## Instructions for the task
Retype each record below word for word, pictures excluded.

+++

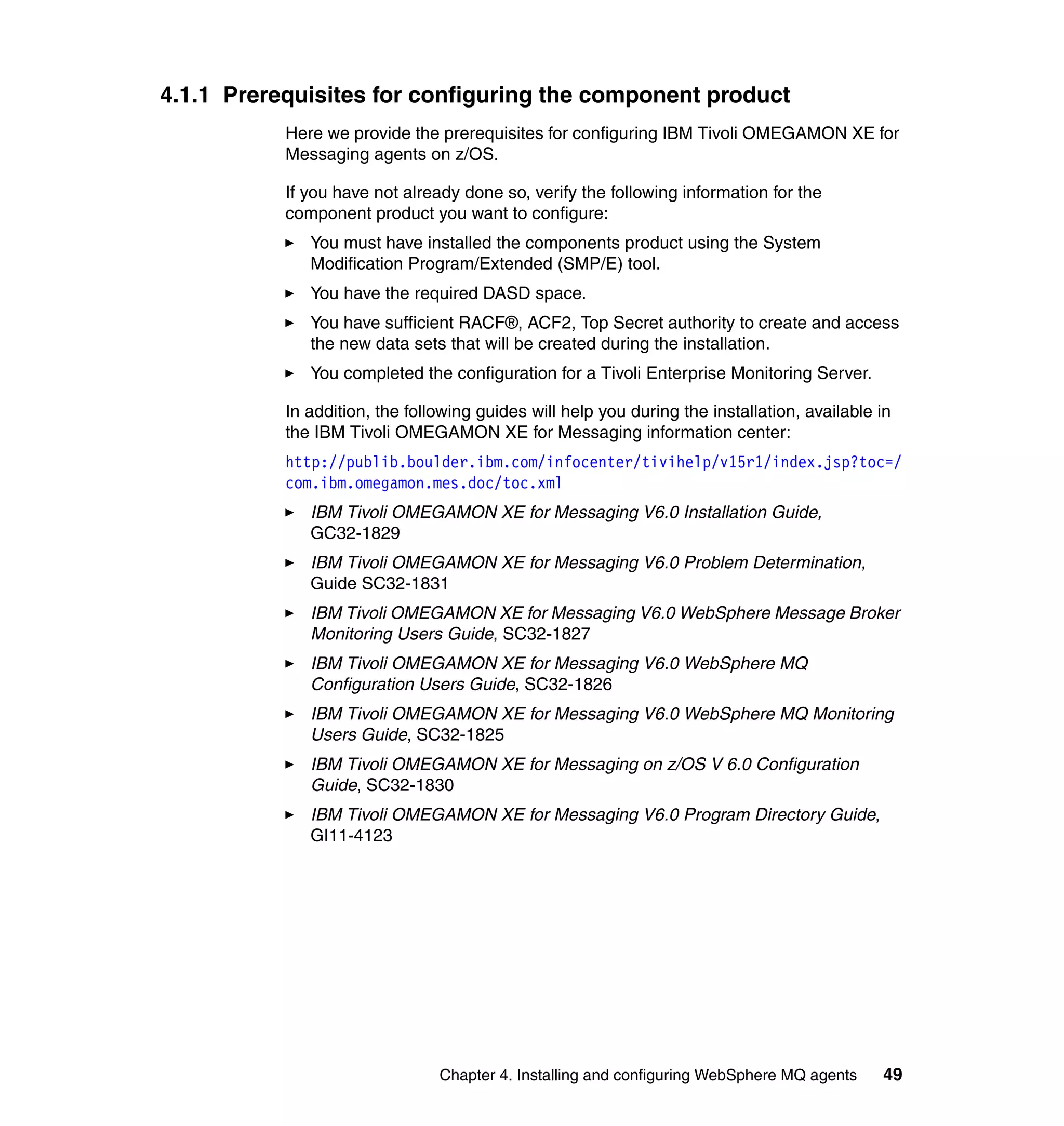 4.1.1 Prerequisites for configuring the component product
           Here we provide the prerequisites for configuring IBM Tivoli OMEGAMON XE for
           Messaging agents on z/OS.

           If you have not already done so, verify the following information for the
           component product you want to configure:
              You must have installed the components product using the System
              Modification Program/Extended (SMP/E) tool.
              You have the required DASD space.
              You have sufficient RACF®, ACF2, Top Secret authority to create and access
              the new data sets that will be created during the installation.
              You completed the configuration for a Tivoli Enterprise Monitoring Server.

           In addition, the following guides will help you during the installation, available in
           the IBM Tivoli OMEGAMON XE for Messaging information center:
           http://publib.boulder.ibm.com/infocenter/tivihelp/v15r1/index.jsp?toc=/
           com.ibm.omegamon.mes.doc/toc.xml
              IBM Tivoli OMEGAMON XE for Messaging V6.0 Installation Guide,
              GC32-1829
              IBM Tivoli OMEGAMON XE for Messaging V6.0 Problem Determination,
              Guide SC32-1831
              IBM Tivoli OMEGAMON XE for Messaging V6.0 WebSphere Message Broker
              Monitoring Users Guide, SC32-1827
              IBM Tivoli OMEGAMON XE for Messaging V6.0 WebSphere MQ
              Configuration Users Guide, SC32-1826
              IBM Tivoli OMEGAMON XE for Messaging V6.0 WebSphere MQ Monitoring
              Users Guide, SC32-1825
              IBM Tivoli OMEGAMON XE for Messaging on z/OS V 6.0 Configuration
              Guide, SC32-1830
              IBM Tivoli OMEGAMON XE for Messaging V6.0 Program Directory Guide,
              GI11-4123




                                Chapter 4. Installing and configuring WebSphere MQ agents     49
 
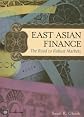 East Asian Finance: The Road to Robust Markets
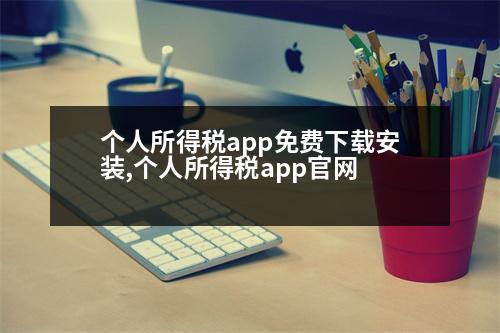 個(gè)人所得稅app免費(fèi)下載安裝,個(gè)人所得稅app官網(wǎng)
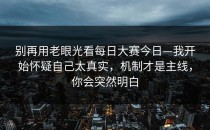 别再用老眼光看每日大赛今日—我开始怀疑自己太真实，机制才是主线，你会突然明白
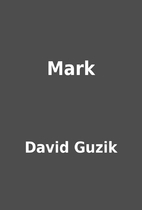 Mark by David Guzik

+++

## Solution for this exercise
 4.1.1 Prerequisites for configuring the component product
           Here we provide the prerequisites for configuring IBM Tivoli OMEGAMON XE for
           Messaging agents on z/OS.

           If you have not already done so, verify the following information for the
           component product you want to configure:
              You must have installed the components product using the System
              Modification Program/Extended (SMP/E) tool.
              You have the required DASD space.
              You have sufficient RACF®, ACF2, Top Secret authority to create and access
              the new data sets that will be created during the installation.
              You completed the configuration for a Tivoli Enterprise Monitoring Server.

           In addition, the following guides will help you during the installation, available in
           the IBM Tivoli OMEGAMON XE for Messaging information center:
           http://publib.boulder.ibm.com/infocenter/tivihelp/v15r1/index.jsp?toc=/
           com.ibm.omegamon.mes.doc/toc.xml
              IBM Tivoli OMEGAMON XE for Messaging V6.0 Installation Guide,
              GC32-1829
              IBM Tivoli OMEGAMON XE for Messaging V6.0 Problem Determination,
              Guide SC32-1831
              IBM Tivoli OMEGAMON XE for Messaging V6.0 WebSphere Message Broker
              Monitoring Users Guide, SC32-1827
              IBM Tivoli OMEGAMON XE for Messaging V6.0 WebSphere MQ
              Configuration Users Guide, SC32-1826
              IBM Tivoli OMEGAMON XE for Messaging V6.0 WebSphere MQ Monitoring
              Users Guide, SC32-1825
              IBM Tivoli OMEGAMON XE for Messaging on z/OS V 6.0 Configuration
              Guide, SC32-1830
              IBM Tivoli OMEGAMON XE for Messaging V6.0 Program Directory Guide,
              GI11-4123




                                Chapter 4. Installing and configuring WebSphere MQ agents     49
 
 East Asian Finance: The Road to Robust Markets
 個(gè)人所得稅app免費(fèi)下載安裝,個(gè)人所得稅app官網(wǎng)
 别再用老眼光看每日大赛今日—我开始怀疑自己太真实，机制才是主线，你会突然明白
 Mark by David Guzik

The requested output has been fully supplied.